RRD4J seems to sum/average weird (after one hour)

A little mystery (for me, hopefully not for you :wink: ). I’m experimenting with a rule to create average/ trends configurable with tags. Well work in progress but behaves like expected in the first hour. It takes an quantifiable item (numeric:power) and calculates and average and a reference (also (numeric:power). This to make (yeah a little timeshifted) graphs with let’s say a five minute average compared to the period middle (2,5 minute behind) actual value. Image for the last hour (so the 10 second values in rrd4j). Blue line original data, yellow the ‘timeshifted’ value and green the average.


I would expect this to do (more or less) the same for older periods. rrd4j (default settings) will sum up the 10 seconds to a minute values by averaging them (since it’s quantifiable items). I would expect sometimes a 10 sec value just to be in the next or previous ‘bucket/bag’ so little differences. What I’m getting is this:

So huge differences between the yellow reference and blue original data. The peaks could be smeared a bit, but they’ve completely gone. Only thing I can think of it uses the default numeric option which is last value instead of averaging them. But according to documentation this shouldn’t happen.

Don’t know if relevant but I’m running on the 3.4.0 version. And as said, default settings for rrd4j (so no configuration files present).

Anyone know what I’m missing?!?

Well, did some more research. Using the API the graph shows the same as persisted. Just to be sure.

And using the aggregation mode in de the graph the daily totals are almost the same. So it must be in the distribution of the data when rrd4j averages the 10 sec intervals to minute intervals.

Next test, change my default period from 5 to 6 minutes which will make the reference run exact 3 minutes behind. So it matches the next minute bucket/bag of rrd4j.

Could you be a bit more pecific on what you did persist?
You persisted the original data (always the blue line Iassume), 'timeshifted" data (the ‘reference’? how did you do the timeshift?) and an average (how did you calculae this avewrage?)
The graphs shown did use which timeframe? (first chart: Last Hour, second chart: ??)

Which AP?

Which timeframe wass requested for this third graph? (week?)

As long as we do not know what was really persisted during the timeframe 07:00 to 07:59 we can’t really say if rrd4j did something weird. Since this timeframe is older then an hour, rrd4j will not have that old data! You might have it in the logs!

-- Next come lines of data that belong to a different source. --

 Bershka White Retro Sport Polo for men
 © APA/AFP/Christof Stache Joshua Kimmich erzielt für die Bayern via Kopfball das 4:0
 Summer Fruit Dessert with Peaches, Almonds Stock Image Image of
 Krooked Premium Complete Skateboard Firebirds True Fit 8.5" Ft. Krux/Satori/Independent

Timeframe for the first and second picture is a hour. But the first is the last.hour, so the actual 10 second data. Second is a previous hour, so the 10 second is aggregated to minute intervals. The last is the daily total for the last week.

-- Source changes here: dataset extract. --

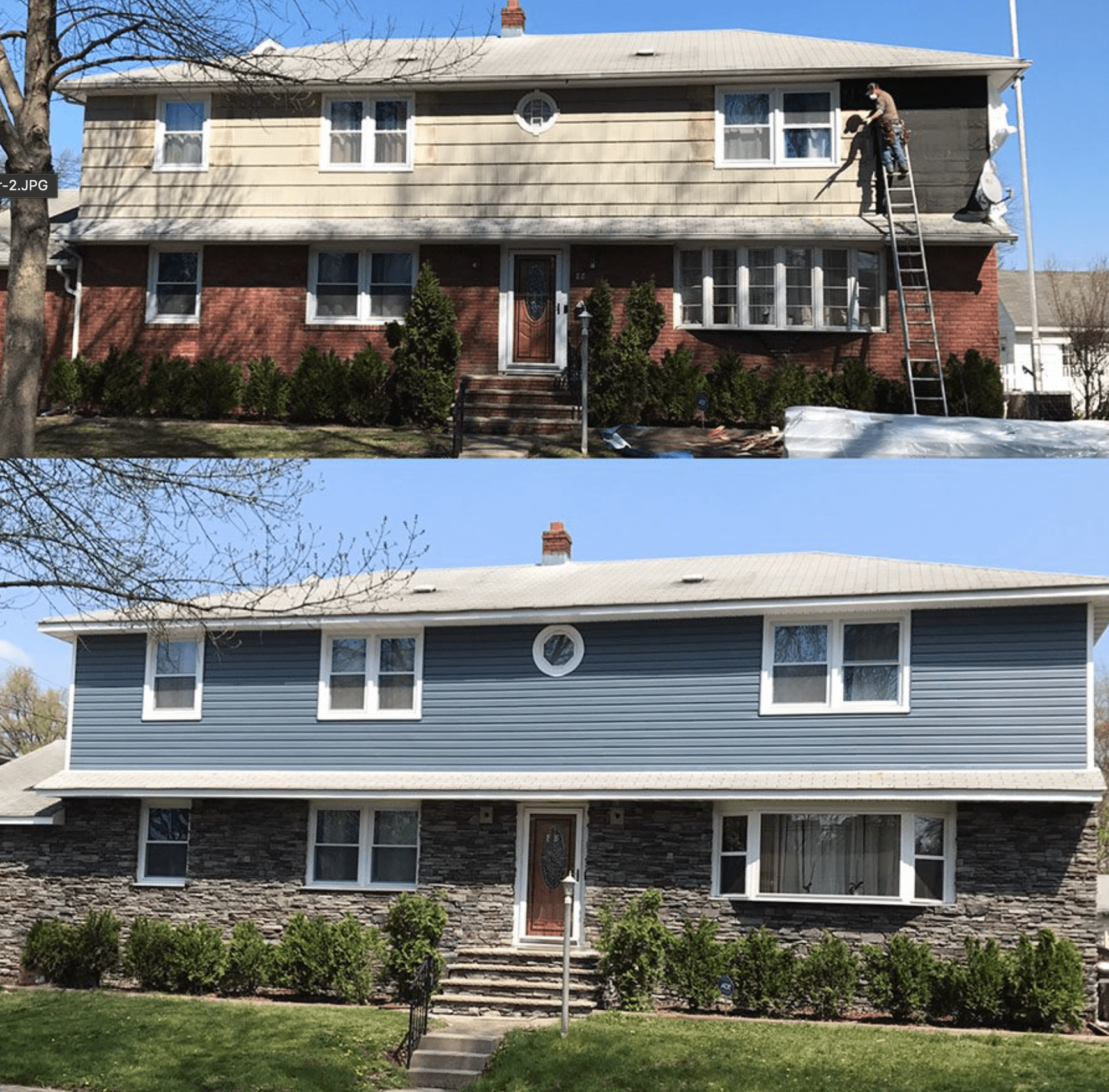 Before-and-after of a house exterior renovation, with workers painting the upper siding.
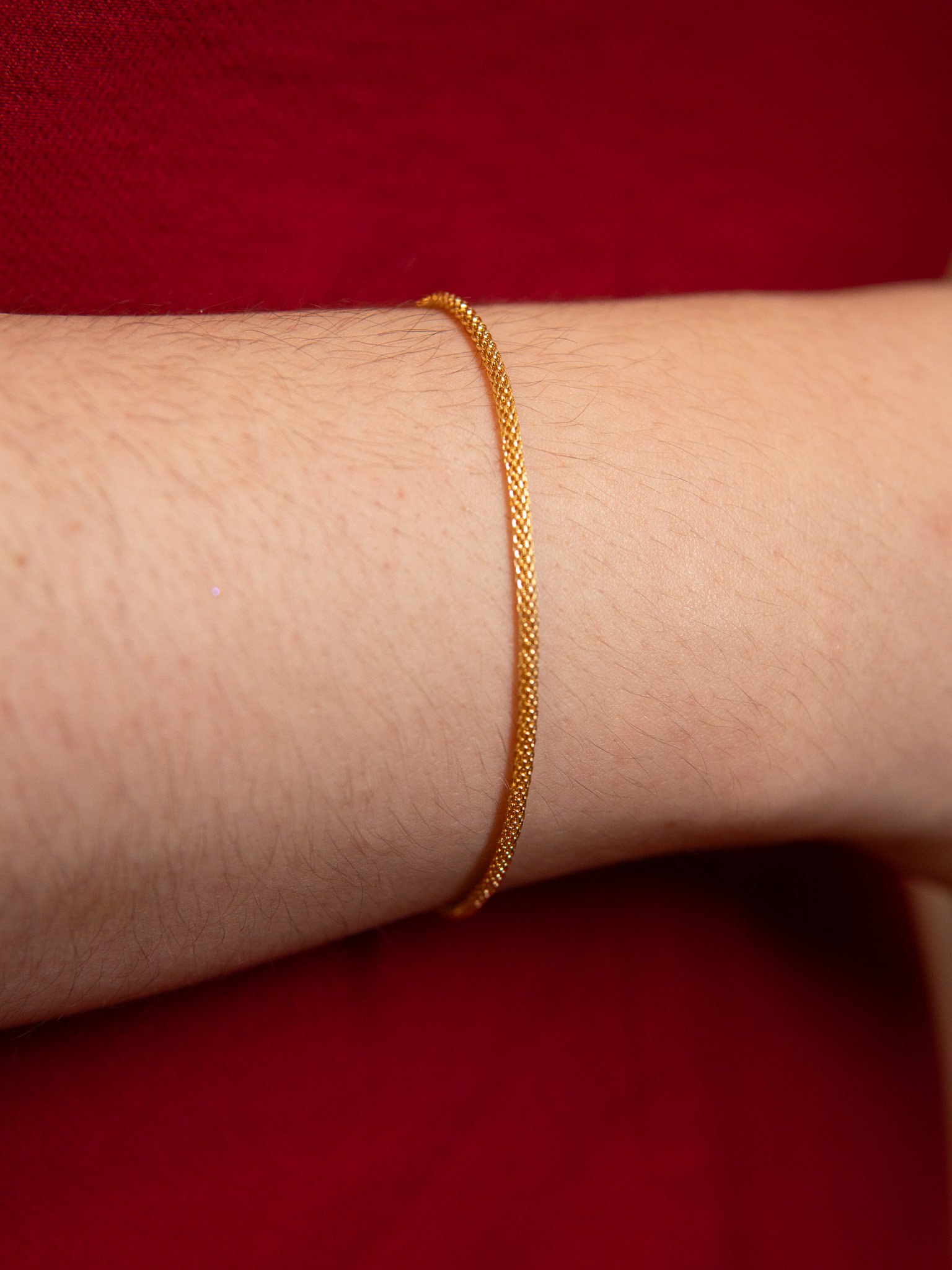 Pulseira Malha trabalhada Banhado a Ouro 18k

The reference is 2,5 minutes delayed from the actual data. Which the first picture shows.

Worst case I would expect is a minute peak for lets say 3000W just in a minute interval. Since the reference is 2,5 minutes behind this is divided into 2 (minute) intervals with a value of 1500W.

But this would still show as a smeared peak and not disappearing.

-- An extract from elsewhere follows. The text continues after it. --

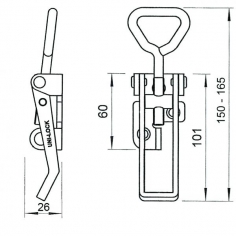Occo 303  S/Steel Over Centre Catch
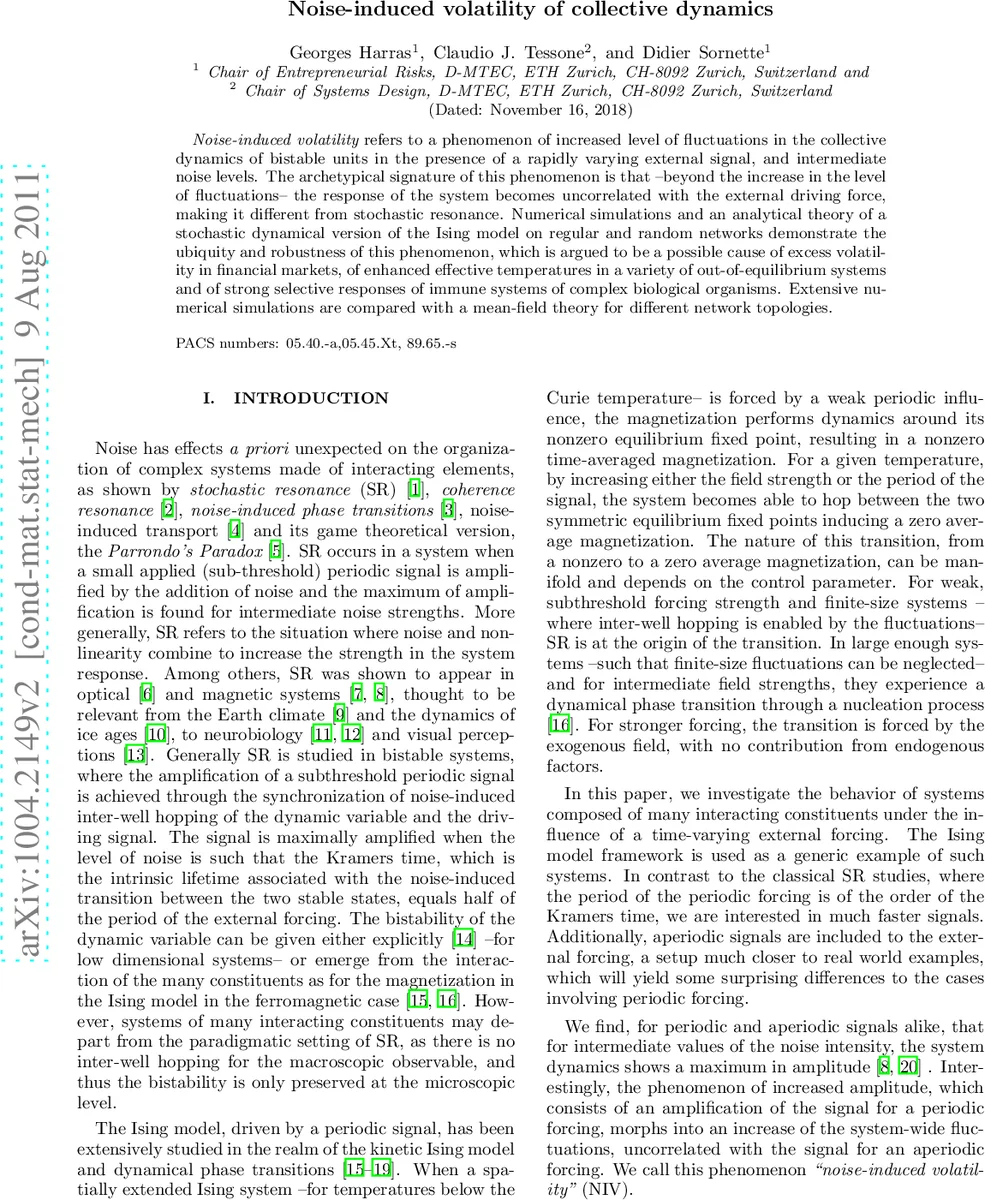 Noise-induced volatility of collective dynamics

Enough for now, happy new year!

That is undstood, however the question was how you did those datapoints into a .rrd file. There migth be the problem ( if those peaks were valid data ).
How does a chart look like for the timeframe of chart 1 ( i.e. when this timeframe is not the last hour)?

We have another 40 minutes to spend in 2022, see/read you next year.

Ok, first the 3 minutes test. Doesn’t change anything.

Let me try to explain my reasoning while answering your questions. Let’s make it as simple as possible, so forget the averaging and focus on the reference . I have a rule running on a cron-job. This rule takes the historic state “3 minutes ago” of “netto totaal” and writes it in another item “netto totaal ref”. That’s all you can do with rrd4j, there’s (as far as I know) no way to change old values. Only the actual value can be manipulated. So something like (actual code is very long):

var his = time.ZonedDateTime.now().minusMinutes(3);
var = items.getItem("netto_totaal").history.historicState(his);

So your first question. Yes the blue line is the actual/original data made by a http-thing. The green line is created data by a rule. And this part of the rule is just a timeshift. It’s running 3 minutes behind on the actual data.

Using the openHab gui, select the item “netto totaal”, choose button “analyse”, add item “netto totaal ref” and select period “1h” shows the last hour of both items. I get what I expect. And this is why I think the actual rule is not that important. Looking at the last hour it seems to do it’s job. And the rule cannot to anything with values in the past. It’s all up to rrd4j now. Here’s the 3 minute graph.


So in answer to the second set of questions. I just use analyse item option in the openHab GUI to display the last hour of both items.

Now to the issue. Using the navigation buttons top-right I can move to past hours. I included the time, a few hours back.


And here’s what I don’t understand. It’s less than 24 hours ago, so I expect rrd4j to take the average from six 10 second periods and make this the new 1 minute value. This shouldn’t change a lot. Maybe some smearing of peaks, but not making them dissapear. But this is what seems to happen.


So yeah, you’re right. This isn’t the actual data anymore. But in my mind it doesn’t matter since the rule had a simple job and I assume (yeah I know assumptions) it will do it’s job “copying data”.

So this is the next test. I made a printscreen of now (11-12). And will wait an hour and make a screenshot of that same period when it’s aggregated. Then we know we look at the same data. To be continued!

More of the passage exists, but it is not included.